Her first security project was featured in a coworker's talk in Proving Ground talk six years ago, and since then, she's focused on DevSecOps and pentesting. Today, she's passionate about using security to build trust, not fear, and about enabling teams instead of blocking them—especially in environments marked by distrust, resource constraints, and rapid change.
This is her first time at BSidesLV as a speaker—and it feels like a full-circle moment.
Session
Security teams love policies, frameworks, and well-intentioned controls—but when those efforts lack product or business context, they’re often just… theater. In this talk, I’ll share what happened when I joined a security program driven by compliance rather than clarity, and how that led to friction, rework, and wasted energy.
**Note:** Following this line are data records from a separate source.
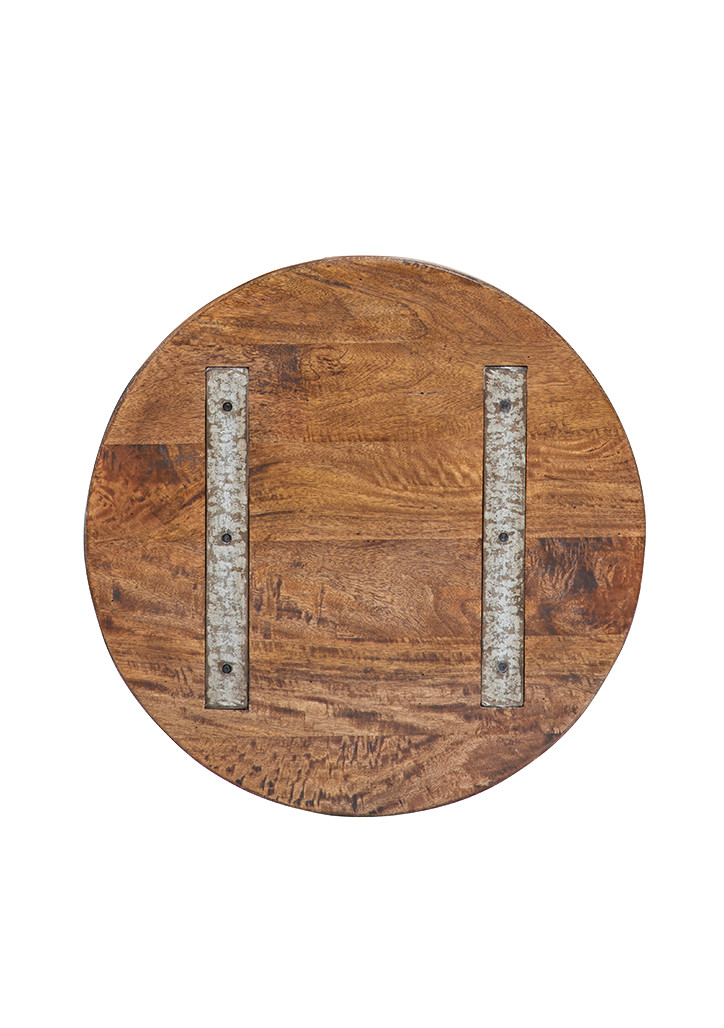 Tramway Round Wholesale Café Table Top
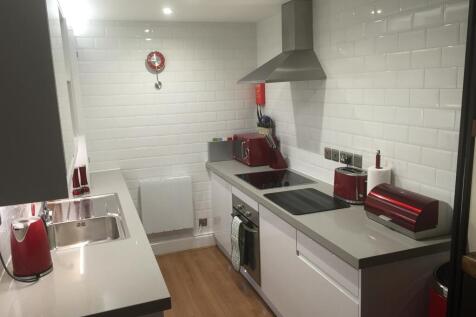 Apartment 1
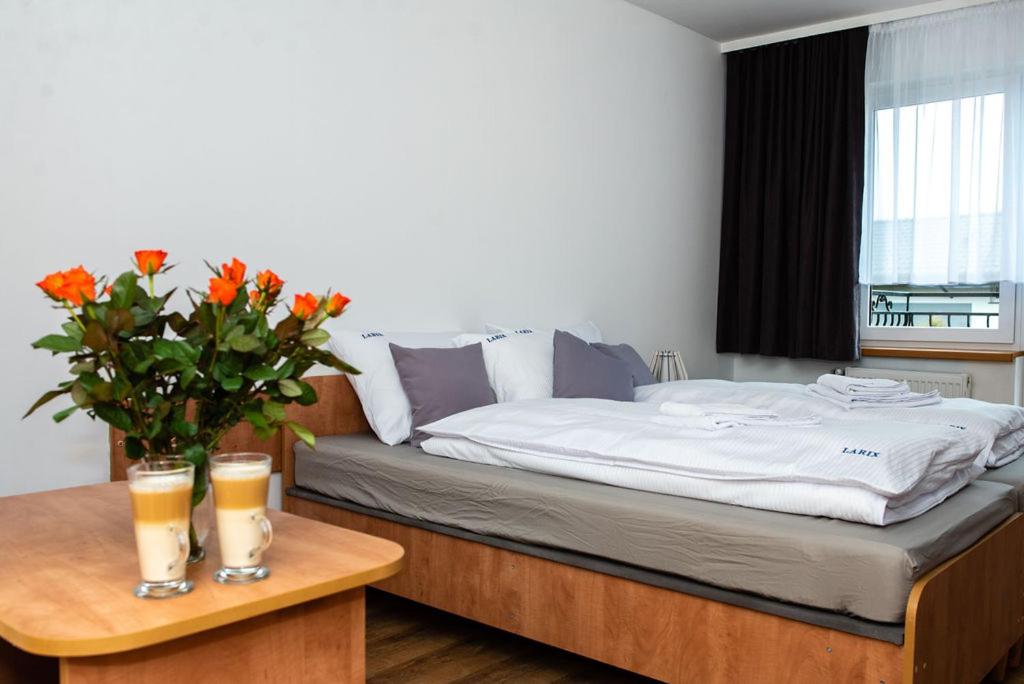 Twin Room with Balcony photo 1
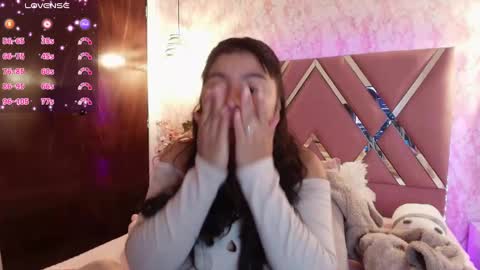 Snapshot of miaa_smiith1 chatting on February 2025 12:14:02 PM miaa_smiith1 online show from February 2025 12:14:02 PM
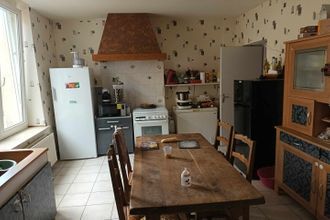 Ma-Cabane - Vente Immeuble GERBEVILLER, 260 m²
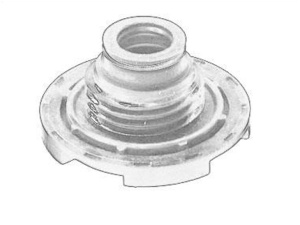 Garnitura capac supape NISSAN PATROL GR V, TERRANO II dupa 2000 - (scaune cu priza) - Original OE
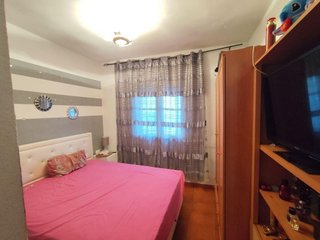 Piso en venta en Virgen del Carmen en Alicante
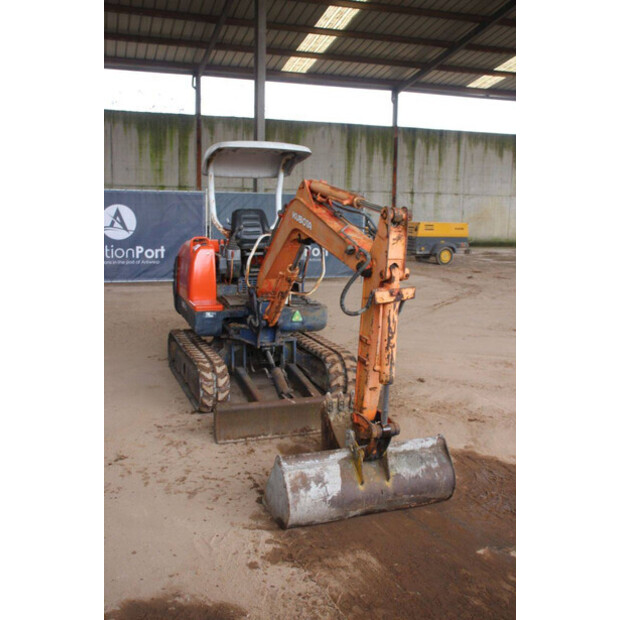 KUBOTA KX61-2-45054059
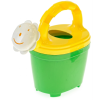 Konvička plastová 16cm, tři barvy
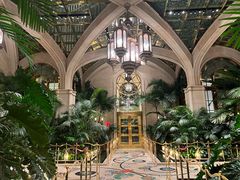 -拉斯维加斯永利酒店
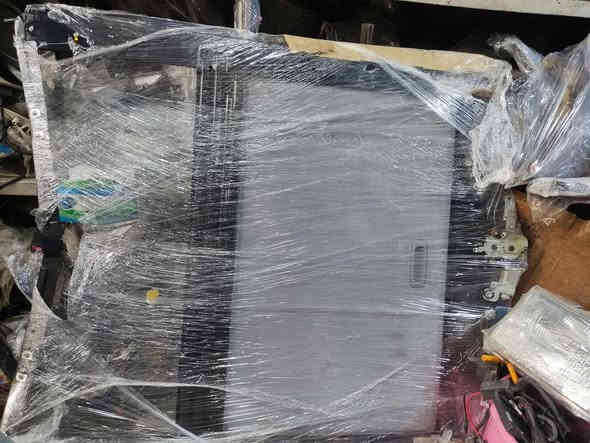 اللهم صلِّ على محمد وآل محمد
مجمع منار الزرفي للأدوات الياباني 

تم وصول بضاعه وارد يابان 
لايتات هارتوب طويل 
تنته كرستا نفخ 
تنته راس الثور فلات فتحه 
بك لايت شيزر نفخ 
العنوان النجف الاشرف حي الصناعي 

(يوجد خدمة توصيل لجميع محافظات العراق 🇮🇶) 

للاستفسار الاتصال واتساب 
***********
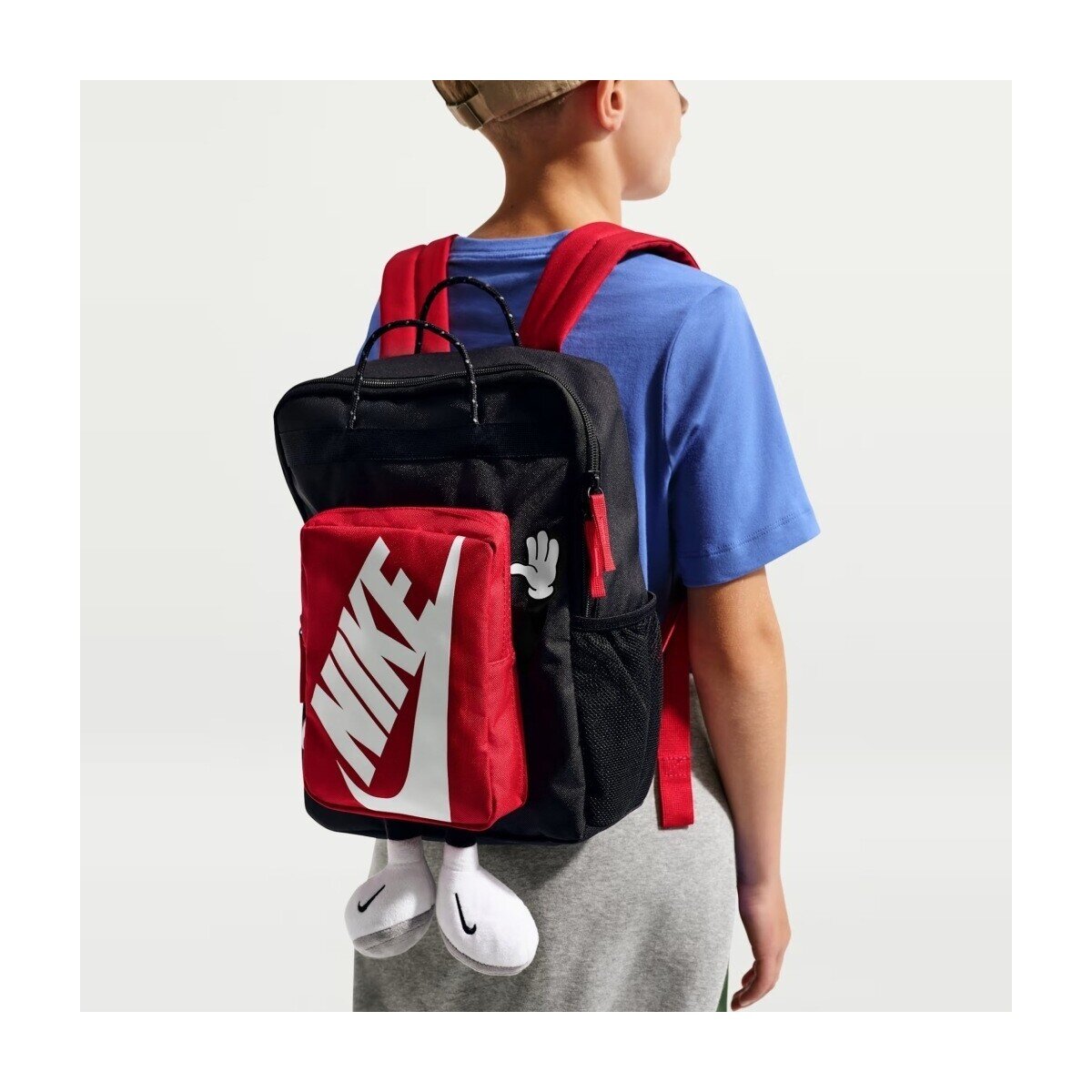 Nike Genti Y Nk Boxy Bkpk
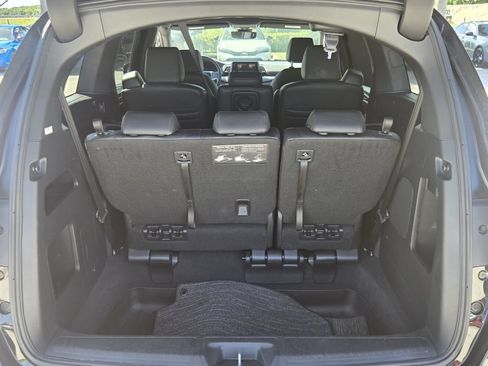 Certified 2024 Honda Odyssey Sport image 14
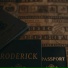 RODERICK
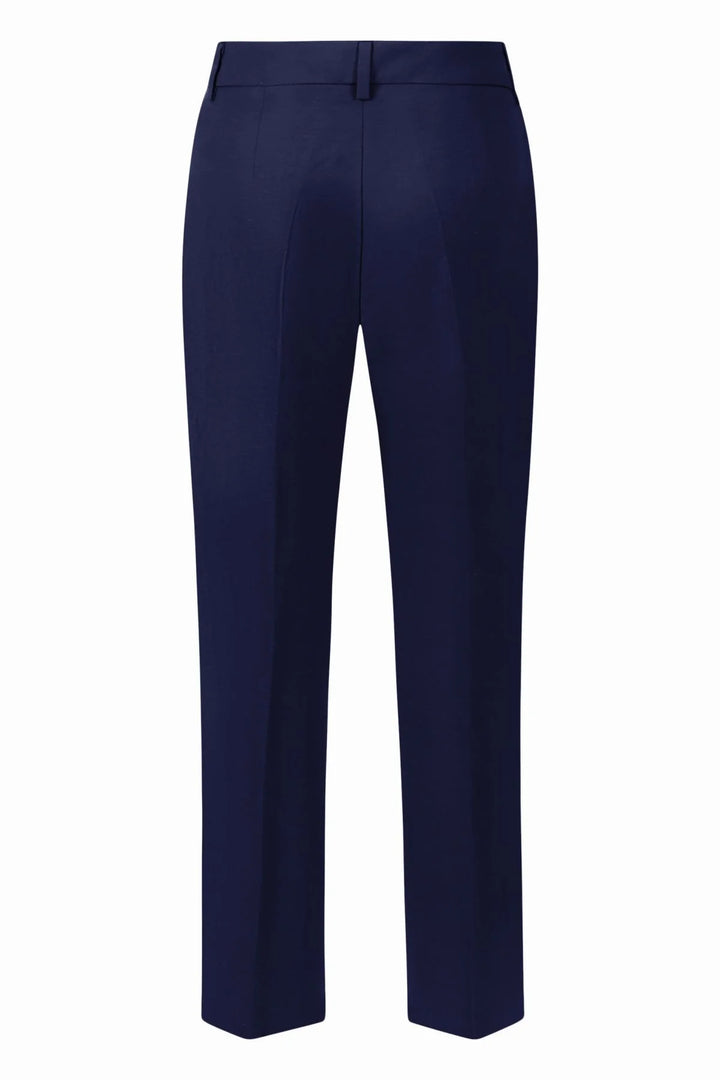 Pantalon tailleur 7/8 Olessa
Through real-world examples from a fast-moving startup, I’ll walk through how we started rebuilding trust with teams who didn’t want to work with us—by first learning how our product actually worked and what the business actually needed. You’ll leave with questions every security team should be asking their product counterparts, tactics for embedding security into the roadmap without slowing it down, and ideas for transforming from checkbox-driven blockers into true partners. Whether you’re leading a program or just trying to get un-ghosted by your engineers, this talk will help you make security relevant, respected, and real.